- [EXERCISE] In your reply, repeat the full listing exactly and leave each picture out.

- [MATERIAL PROVIDED]
---*---
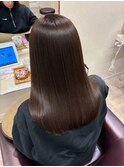 横浜髪質改善/横浜縮毛矯正/髪質改善横浜/縮毛矯正横浜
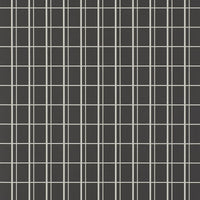 Schumacher Otto Bruno Wallpaper 5008088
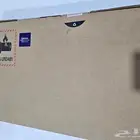 laptop Lenovo YOGA slim 7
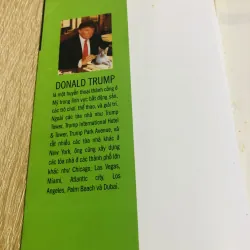 100 LỜI KHUYÊN ĐẦU TƯ BẤT ĐỘNG SẢN KHÔN NGOAN NHẤT 1003975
---*---
- [THE COMPLETED TASK]
 横浜髪質改善/横浜縮毛矯正/髪質改善横浜/縮毛矯正横浜
 Schumacher Otto Bruno Wallpaper 5008088
 laptop Lenovo YOGA slim 7
 100 LỜI KHUYÊN ĐẦU TƯ BẤT ĐỘNG SẢN KHÔN NGOAN NHẤT 1003975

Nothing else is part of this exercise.